La paradoja de la oración es que nos exige un serio esfuerzo cuando a fin de cuentas es un don. No podemos planificar, organizar o manipular a Dios. Pero sin una disciplina cuidadosa, tampoco podemos recibirlo. Esta paradoja nos obliga a mirar más allá de los límites de nuestra existencia mortal. En el grado en que hayamos sido capaces de librarnos de nuestra ilusión de inmortalidad y hayamos llegado a la plena realización de nuestra frágil condición mortal, podemos alcanzar en libertad al creador y recreador de la vida, y responder a sus dones con gratitud.

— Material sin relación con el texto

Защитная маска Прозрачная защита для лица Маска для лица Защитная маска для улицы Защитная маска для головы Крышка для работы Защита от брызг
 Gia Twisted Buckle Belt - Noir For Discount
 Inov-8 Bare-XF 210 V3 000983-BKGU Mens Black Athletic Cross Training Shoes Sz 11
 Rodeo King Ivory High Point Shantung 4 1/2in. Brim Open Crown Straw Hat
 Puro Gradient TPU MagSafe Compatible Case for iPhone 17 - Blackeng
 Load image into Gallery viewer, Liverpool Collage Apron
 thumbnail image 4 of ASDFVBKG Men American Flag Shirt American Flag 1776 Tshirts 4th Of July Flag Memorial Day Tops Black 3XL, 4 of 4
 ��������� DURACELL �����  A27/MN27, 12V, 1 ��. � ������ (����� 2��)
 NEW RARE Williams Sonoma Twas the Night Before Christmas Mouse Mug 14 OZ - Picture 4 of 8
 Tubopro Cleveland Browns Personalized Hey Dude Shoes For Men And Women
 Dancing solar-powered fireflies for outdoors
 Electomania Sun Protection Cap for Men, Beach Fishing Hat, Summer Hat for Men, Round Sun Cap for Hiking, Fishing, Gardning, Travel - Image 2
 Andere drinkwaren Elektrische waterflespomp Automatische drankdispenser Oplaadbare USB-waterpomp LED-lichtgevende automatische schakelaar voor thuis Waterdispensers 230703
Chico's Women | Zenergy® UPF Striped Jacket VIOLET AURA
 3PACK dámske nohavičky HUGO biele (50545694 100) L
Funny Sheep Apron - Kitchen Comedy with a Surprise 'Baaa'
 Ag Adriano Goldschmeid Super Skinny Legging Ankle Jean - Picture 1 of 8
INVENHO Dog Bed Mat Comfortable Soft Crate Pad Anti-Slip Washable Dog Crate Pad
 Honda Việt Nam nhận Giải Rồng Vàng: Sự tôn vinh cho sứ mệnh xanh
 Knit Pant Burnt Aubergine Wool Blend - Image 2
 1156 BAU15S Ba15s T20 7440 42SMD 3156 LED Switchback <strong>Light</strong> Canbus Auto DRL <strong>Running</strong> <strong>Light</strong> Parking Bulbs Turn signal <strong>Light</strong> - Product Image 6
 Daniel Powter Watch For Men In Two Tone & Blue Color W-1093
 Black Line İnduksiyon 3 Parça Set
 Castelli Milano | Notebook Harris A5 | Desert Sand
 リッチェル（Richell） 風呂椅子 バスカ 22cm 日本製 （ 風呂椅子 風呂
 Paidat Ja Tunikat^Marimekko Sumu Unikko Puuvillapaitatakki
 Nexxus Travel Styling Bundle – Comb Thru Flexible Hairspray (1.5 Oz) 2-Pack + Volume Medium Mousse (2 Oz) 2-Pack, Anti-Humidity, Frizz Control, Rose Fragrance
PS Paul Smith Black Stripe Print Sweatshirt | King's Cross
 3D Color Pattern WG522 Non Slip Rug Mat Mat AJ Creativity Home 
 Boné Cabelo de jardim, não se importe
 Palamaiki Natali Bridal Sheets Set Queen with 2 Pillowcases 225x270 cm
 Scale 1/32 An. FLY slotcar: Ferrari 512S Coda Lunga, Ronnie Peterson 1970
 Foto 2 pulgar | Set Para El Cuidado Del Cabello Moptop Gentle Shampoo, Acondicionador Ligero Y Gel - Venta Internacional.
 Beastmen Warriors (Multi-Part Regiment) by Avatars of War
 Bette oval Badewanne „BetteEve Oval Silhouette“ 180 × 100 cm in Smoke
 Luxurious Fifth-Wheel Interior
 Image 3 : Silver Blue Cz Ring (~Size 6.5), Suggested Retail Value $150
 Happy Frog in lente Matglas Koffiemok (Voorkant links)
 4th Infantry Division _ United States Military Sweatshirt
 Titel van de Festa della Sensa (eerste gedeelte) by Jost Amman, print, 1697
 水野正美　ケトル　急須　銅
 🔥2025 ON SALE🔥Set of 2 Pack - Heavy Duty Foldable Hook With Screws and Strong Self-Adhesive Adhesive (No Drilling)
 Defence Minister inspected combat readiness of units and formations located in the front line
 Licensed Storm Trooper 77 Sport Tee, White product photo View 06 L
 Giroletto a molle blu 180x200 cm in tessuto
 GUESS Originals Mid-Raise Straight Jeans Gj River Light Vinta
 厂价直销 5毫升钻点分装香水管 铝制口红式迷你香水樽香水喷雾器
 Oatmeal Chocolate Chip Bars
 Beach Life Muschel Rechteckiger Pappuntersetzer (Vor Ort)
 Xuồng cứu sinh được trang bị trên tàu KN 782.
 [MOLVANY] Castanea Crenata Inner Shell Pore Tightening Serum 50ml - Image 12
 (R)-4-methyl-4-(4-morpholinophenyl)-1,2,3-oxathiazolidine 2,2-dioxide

La oración está considerada a menudo como una debilidad, un sistema de apoyo, del que nos servimos cuando ya no podemos ayudarnos a nosotros mismos. Pero es sólo verdad cuando el Dios de nuestras oraciones está creado a nuestra imagen y adaptado a nuestras necesidades y preocupaciones. Pero cuando la oración nos hace alcanzar a Dios, no en nuestros términos, sino en los suyos, entonces nos libera de las preocupaciones por nosotros mismos, nos anima a abandonar el campo familiar t nos reta a entrar en un nuevo mundo que no puede ser contenido dentro de los límites estrechos de nuestra mente o de nuestro corazón. La oración es una gran aventura porque el Dios con el que entramos en una nueva relación es mayor que nosotros y desafía todos nuestros cálculos y predicciones. El paso de la ilusión a la oración es difícil de dar, puesto que nos lleva de las falsas seguridades a las verdaderas incertidumbres de un fácil sistema de apoyo al peligro que nos rodea y de los muchos dioses seguros al Dios cuyo amor no tiene límites.


NOTAS:
(1) Khariton (ed), The Arto f Prayer, London, Faber and Faber, 1966, p. 119.
(2) Thomas Merton, New Seeds of Contemplation, News Cork, New Directions, 1961, p159.